As I write this, I am sitting by the open window, not hearing the constant drone of the air conditioning unit. Instead, I hear my boys laugh, play, giggle and yell while they take in all the neighborhood has to offer a couple of active boys who have been cooped up for 3 months by the intense summer sun.  The cooler weather has lifted their spirits too.  They frolic and kick like spirited colts running through fields of perfect, green alfalfa, but instead of whinnies and neighs, I hear laser and machine gun sound effects and instead of alfalfa, the frolicking takes place in the dirt fort next to our house.  No long as they are happy.  I love that I can hear them so clearly - their plots, their dreams, their gross boy humor.  I remember having a few great play days like this when I was kid.  You know them...those days when everything and everyone from the neighborhood comes together in perfect harmony to create the ultimate perfect day; great weather, good friends, awesome snacks, no arguing, no hurt feelings, no bike wrecks...just pure, unadulterated fun that you never want to end.  Suddenly I am aware that my chest feels a little less tight and I realize that I have pretty good, generally happy, well-adjusted kids.  And with that realization comes one more release...Now I have two less thing to stress about.  Is there nothing more healing to a sick mom's heart and mind than the laughter of her happy kids? 

So I thought I'd take a minute to make sure I got this day down in writing.  The day that I remembered what fall feels like in the desert.  The day I remembered a few good days from my childood.  The day I remembered to enjoy my kids.  The day I remembered that hard times (or excessive heat) don't last forever.  The day that I was reminded that there are so many good things in the world to think about and enjoy as we struggle through our trials and tribulations.   It's been a good day to just sit and remember.

Thursday, October 14, 2010

Transitions - Part 1

Along with other life transitions, I am working on a new look for the blog.  It might get kind of crazy around here 'til I figure out which direction I want to take it, so try to hang on while I get it figured out! 

As far as life outside of my blog?

It seems like my life has been in transition for a long, long time now.  I keep trying to evolve to fit my current set of circumstances, but none of the changes I make seem to take hold on a permanent basis.  As I write this, I realize that just being human makes life transitory by nature.  We are always learning and growing and adapting.  But right now?  I'd like to just chill until I can see a clear path. 

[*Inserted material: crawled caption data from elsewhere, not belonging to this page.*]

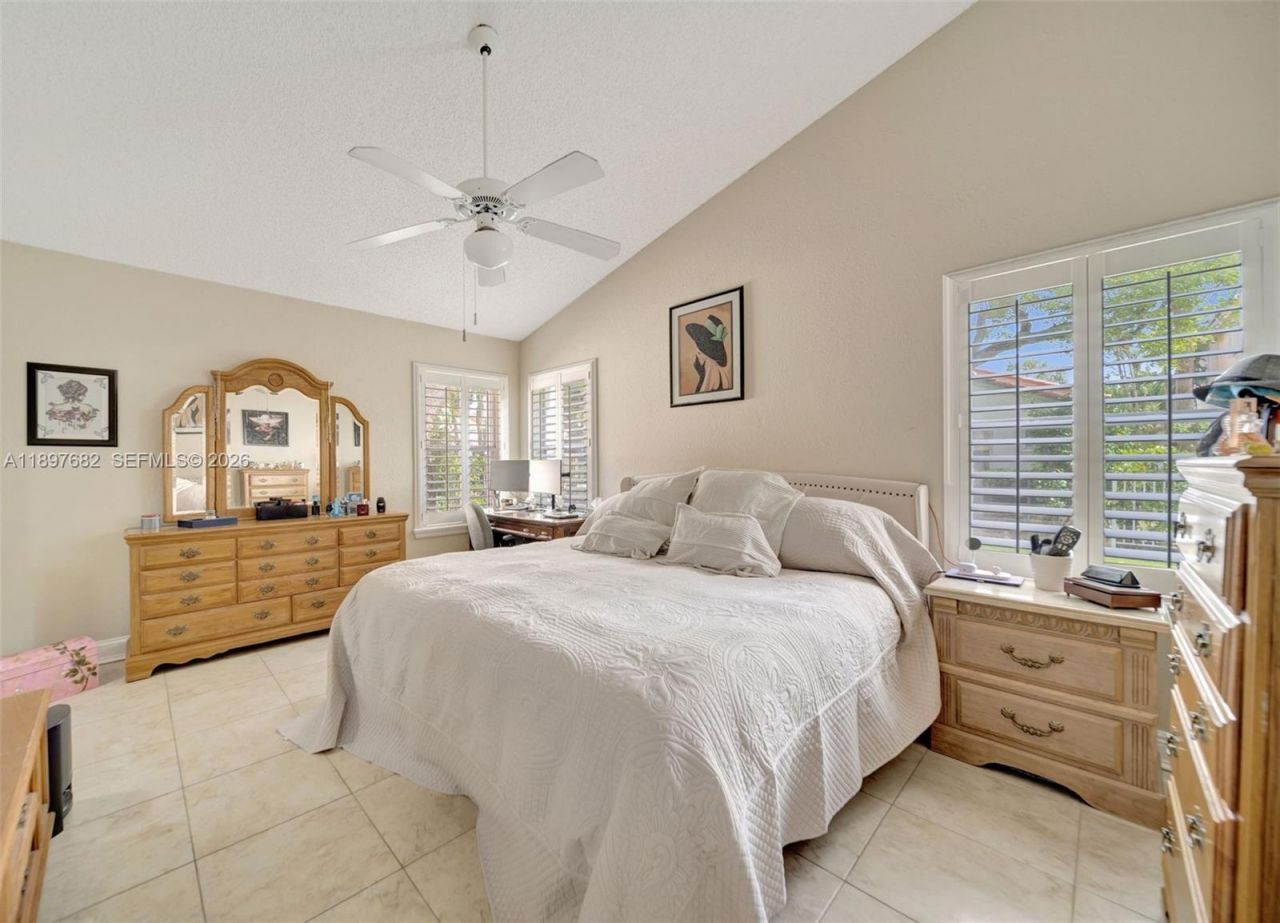 1653 SW 158th Ter, Pembroke Pines, FL 33027 Photo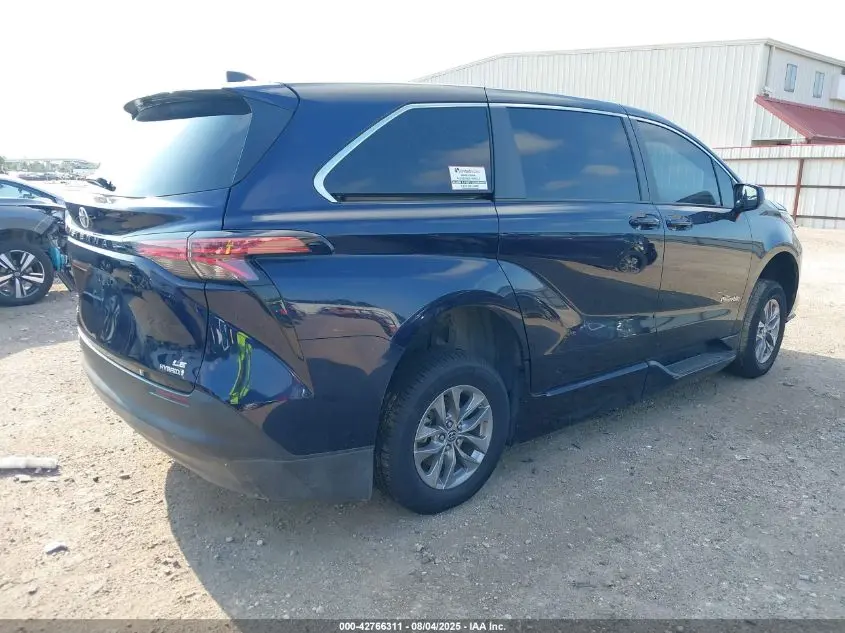 2022 TOYOTA SIENNA LE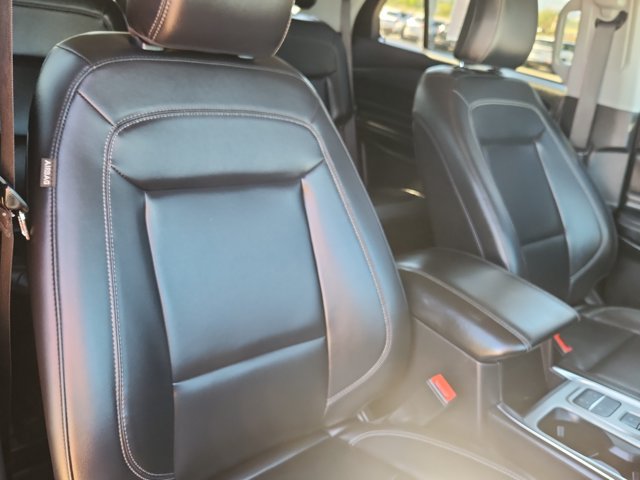 Certified 2022 Ford Explorer XLT w/ Equipment Group 202A RWD image 18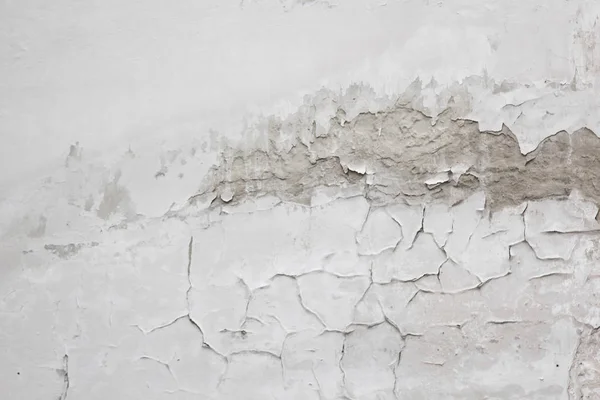 Textura da antiga parede cinza descascamento coberto com gesso closeup. tempo quebrando fundo — Fotografia de Stock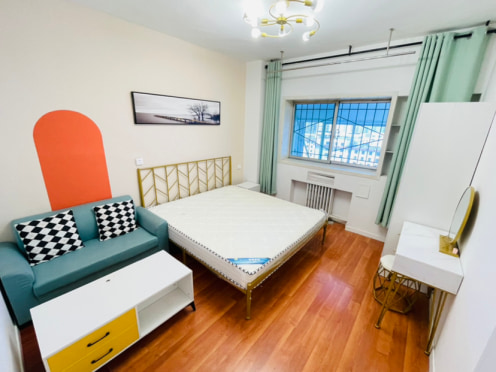 合租·鸿峰花园西区 4居室 南卧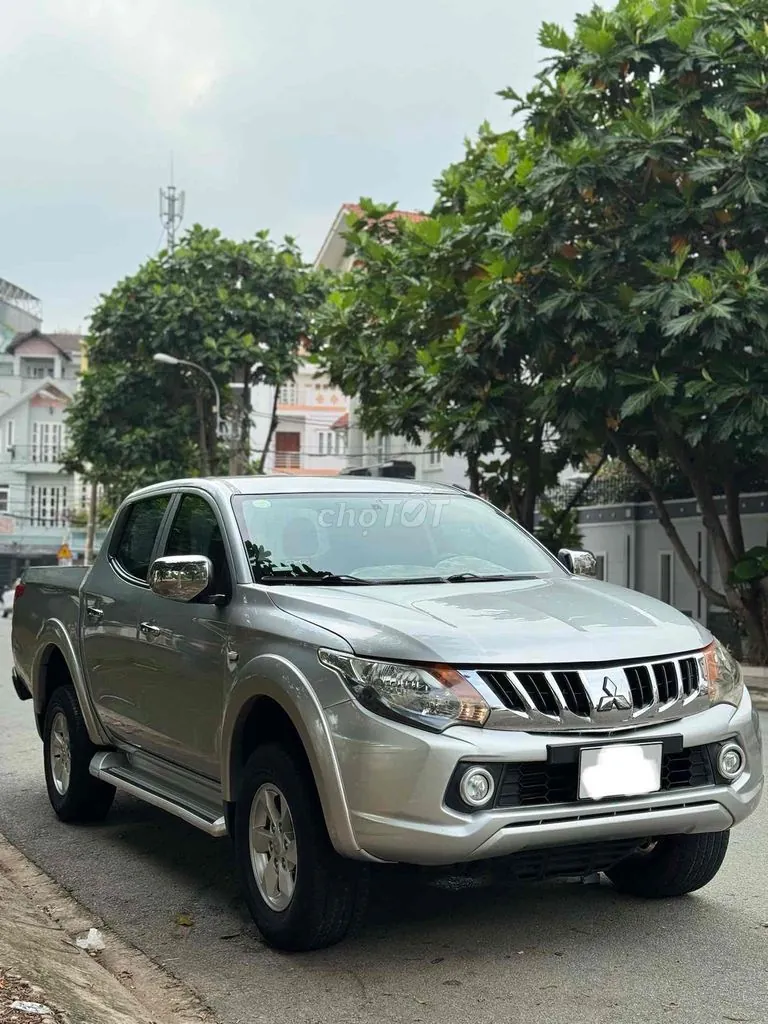 Mitsubishi Triton 2017 photo 2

This really all relates to stability.  Emotional stability, financial stability, domestic seems like when I get one of those elements lined out, another one spins out of control.  Some of my instability is due to choices I have made in my life, and some of it has had to do with circumstances and choices that others made on my behalf.  I get that I can't go back and change that.  Finally, I get that.  At this moment I want to create a more stable life going forward, not just for me, but for my kids!  Stability is all I want right now. I sit, on the precipice of several HUGE life choices.  All of them will directly affect my life and the lives of my children, especially when it comes to our ability to feel safe and comfortable.  For me, it's really hard when financial instability becomes the driving force behind our decision making process because then the process feels frenzied and chaotic and desperate.  It's hard to stay calm when you're backed up against the wall.  Having said that, had we had a Plan B on file in the first place, we probably would have made better choices at the beginning of this trial and could have avoided some of the last minute misery and debate we are dealing with now.  Hindsight, right? 

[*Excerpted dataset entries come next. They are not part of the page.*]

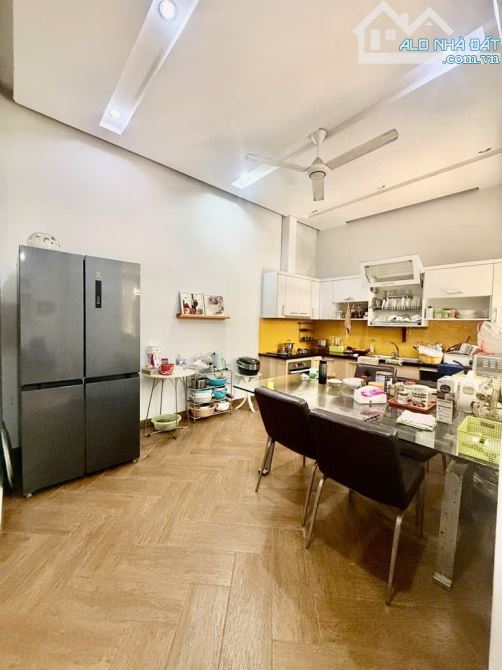 Cần bán nhà Phố Nguyễn Đình Chiểu - 90m2 x 4 Tầng - Đẹp như biệt thự - Sổ đỏ vuông đẹp - 5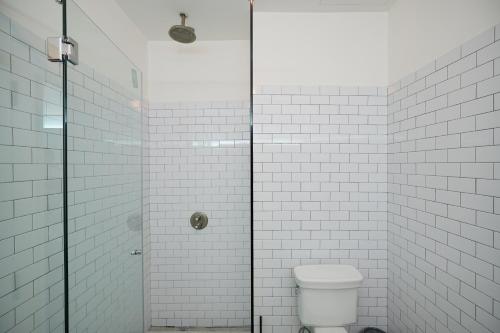 Bilik mandi di Casa Mallet by Wynwood House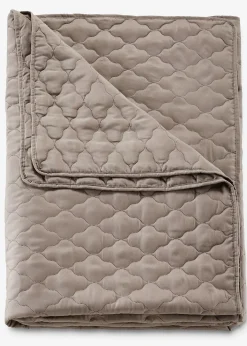 Couvre-lit matelassé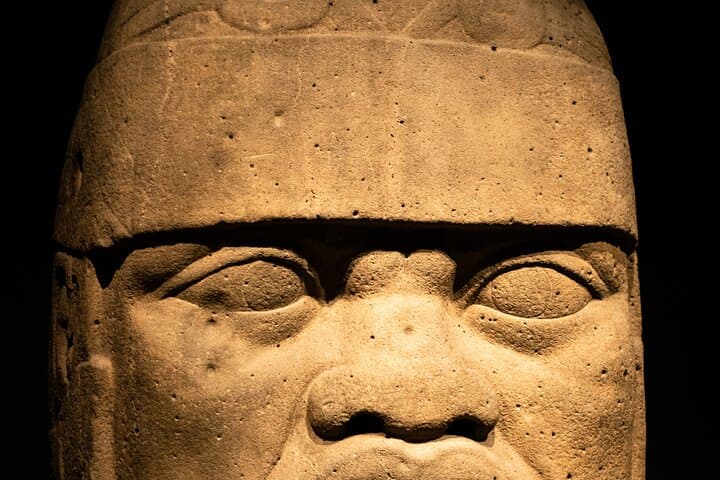 Cablecar Through History in Chapultepec: Mexico City Castle & Anthropology Tour photo 5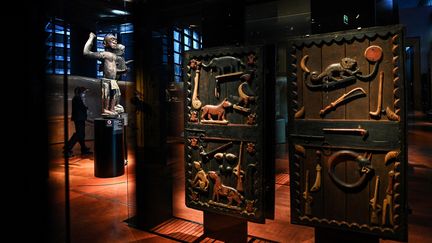 Les trésors royaux d'Abomey présentés au musée du quai Branly à Paris, en septembre 2021&nbsp; (CHRISTOPHE ARCHAMBAULT / AFP)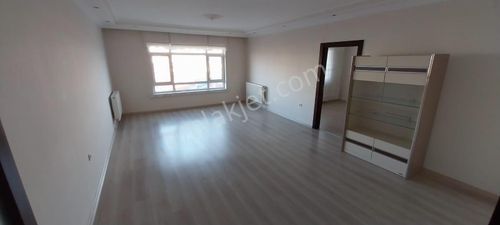 Tepebaşı Mahallesinde Ara Katta Manzaralı Full Yapılı Satılık Daire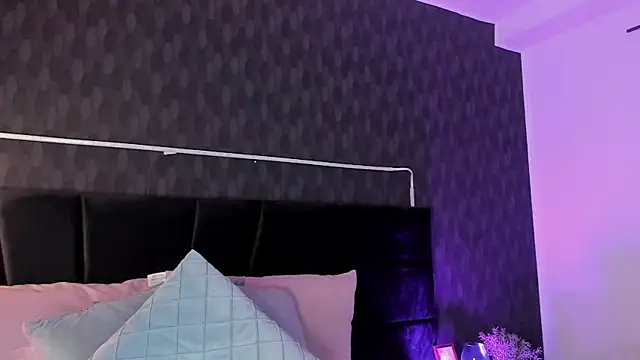 Snapshot of Anneth__M chatting on 01.25.25 Anneth M online show from 01.25.25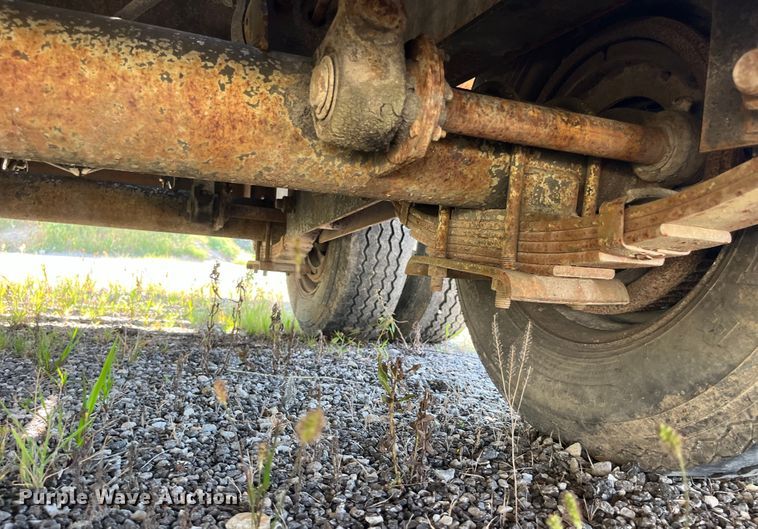 image for item EK8963 1997 Towmaster 0C-20 equipment trailer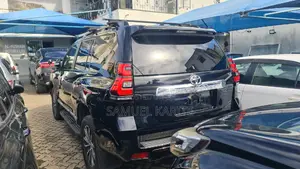 Toyota Land Cruiser Prado 2018 Black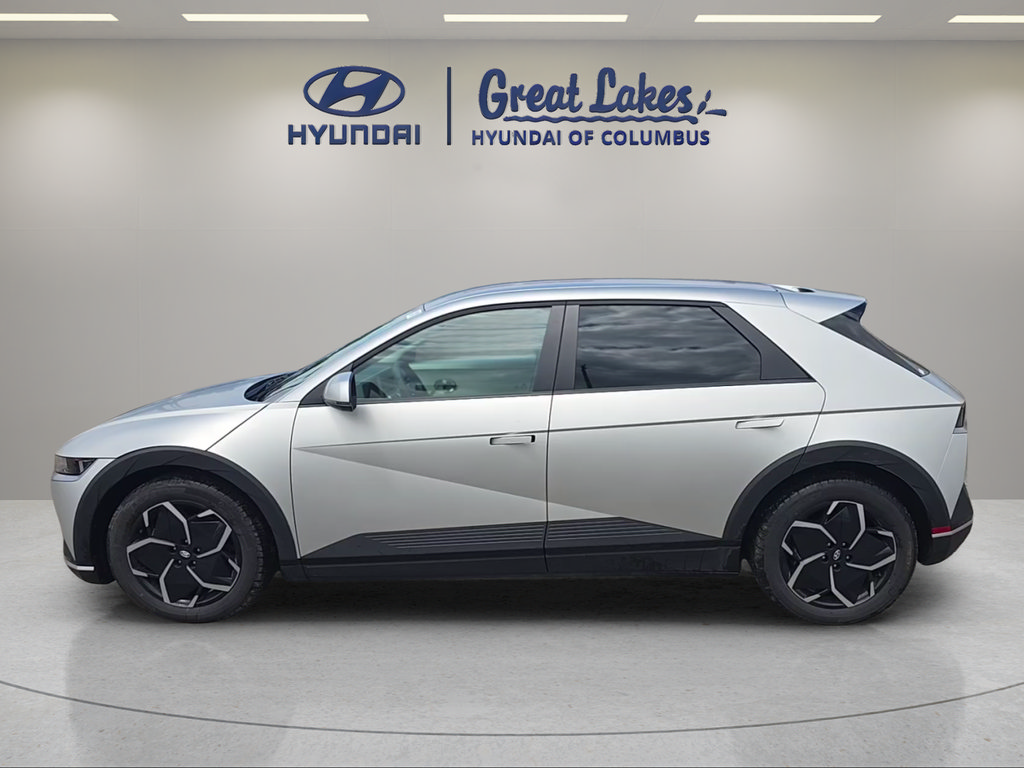 Used 2024 Hyundai Ioniq 5 SEL AWD/4WD image 2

Now we are facing the inevitable...Do we move to another state and try to start over in a new environment or do we stay put and try to slug it out in a place where both of us have spent what seems like an eternity trying to carve out a niche for ourselves?  My vote?  Stay here.  Which is weird, because we've always talked about the day we can finally move out of Arizona!  But now that I face that possibility, I'm not ready to go.  I'm still trying to decide if my lack of enthusiasm has more to do with the location my husband is leaning toward or having to pack the house up all over again.  Either way, I'm not ready to deal with this change.  I know the demons I face here!  I know the economy (or lack therof), the streets, the politics, the weather, the people...all of the things which I gripe about on a daily basis!   Isn't it ironic how familiarity can sometimes ease the lack of stability of our lives, but that same familiarity also leads us to feel contempt and boredom for our same old surroundings?  We are weird, complex creatures sometimes, that is certain.

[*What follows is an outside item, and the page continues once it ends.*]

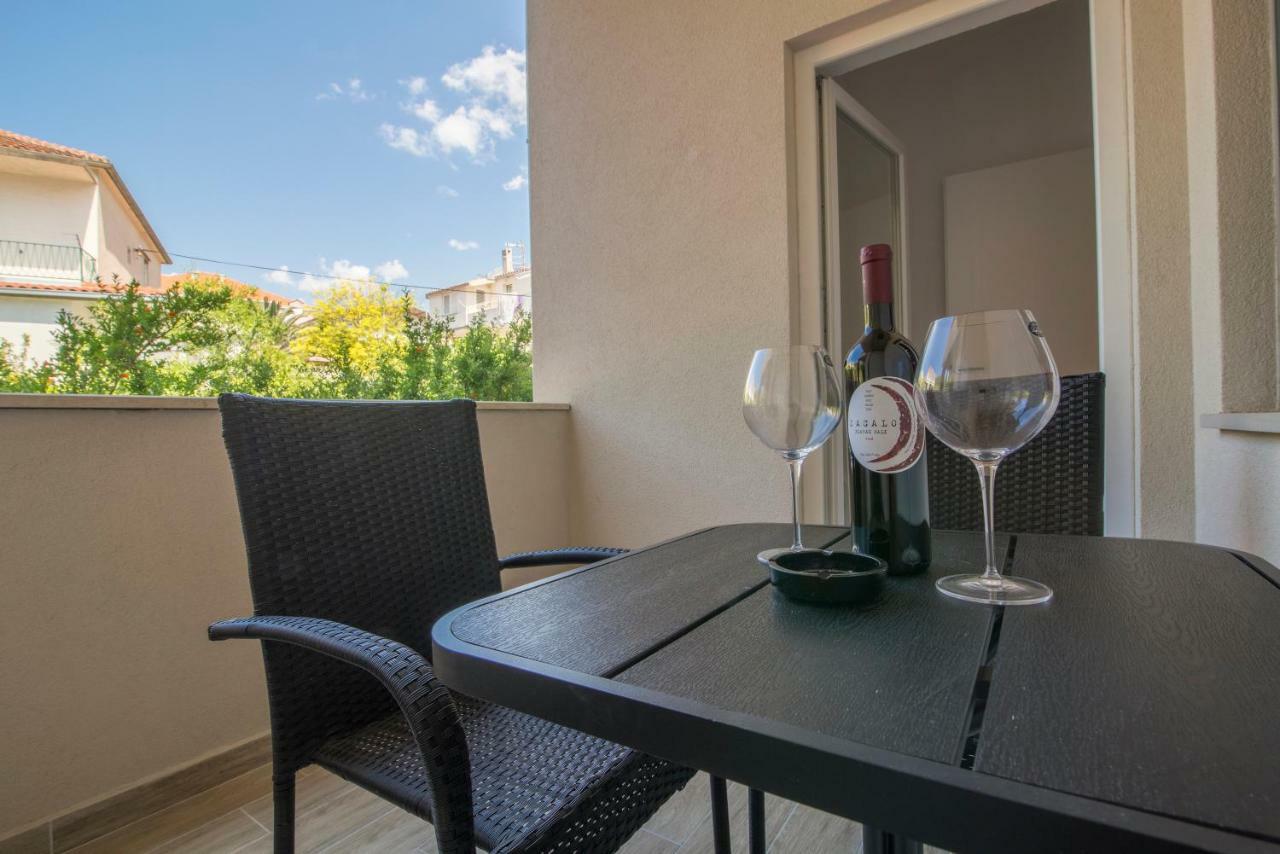 מאקרסקה Apartments Smokva מראה חיצוני תמונה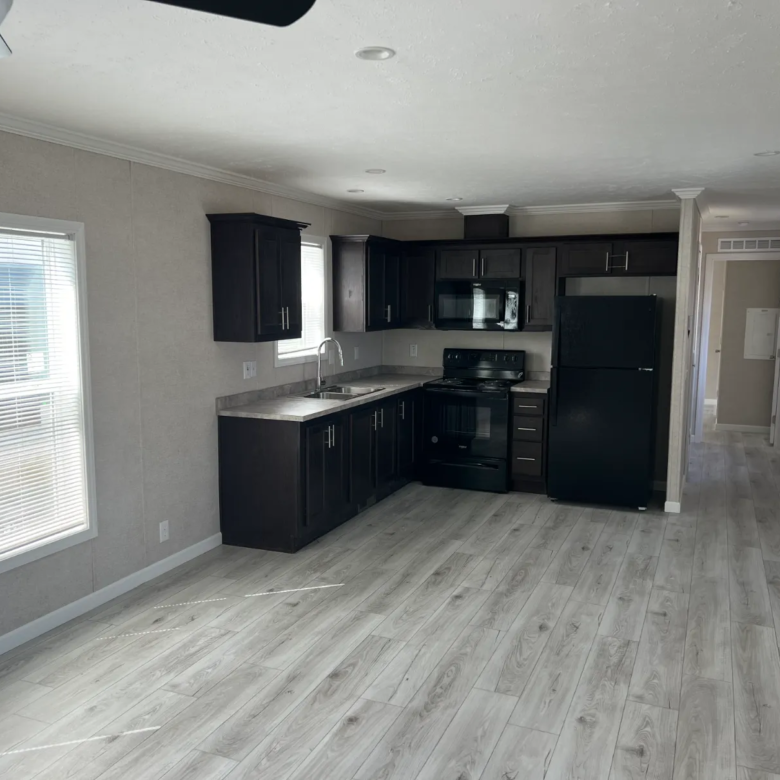 New 2024 Manufactured Home – 2/2 Lot 18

All of this comes down to what?  Me being too afraid and tired to try something new.  Before I had kids I probably would have jumped at the chance to see another part of the country.  Now I just want to get where we need to be and stay there.  I want to put down roots and become part of the community and live my life there and know that at last, I am home and I never have to leave.  If I thought for one second that the place my husband wants to move was that place?  I'd be all over it.  But I don't feel that way about his choice.  In fact I work hard everyday to try to imagine life there and I can't. 

So why is it even a consideration?  If I'm not gonna be happy there, why would we even consider it?  Because Big Man has a brother there whom he adores and who brings out all the good and wonderful qualities in the man I married.  Their love for each other is deep and strong and without judgement.  My husband doesn't have kind of relationship with most of his other siblings.  Big Man feels like maybe with his brother's help and support, he can get back on his feet and create a new career path.   More importantly, he feels like he will finally be away from the many people he has grown up with here who seem to always see him as a failure.  His road here has been a tough one, not filled with very many positive experiences.  

So maybe a change is warranted.  Sometimes all one needs to shake old habits and demons is a change of scenery.  Some place to start over again, with a new outlook and new perspective.  Some place where you get to be who you really are, where no one has preconcieved ideas about you based on who you used to be. 

I just wish that place wasn't Florida. 

Wednesday, October 6, 2010


Grandpa hates pictures.  Like really, really hates them.  He hates pictures like the rest of the family hates the work jumpsuits he wears everyday, regardless of the occasion.  Which is why I took this quick snapshot of him and Big Man a few months ago.  Because I knew it would be one of the few that I get of him during his time here on earth.  And I want my grandkids to know who their great grandpa was...jumpsuits and all. 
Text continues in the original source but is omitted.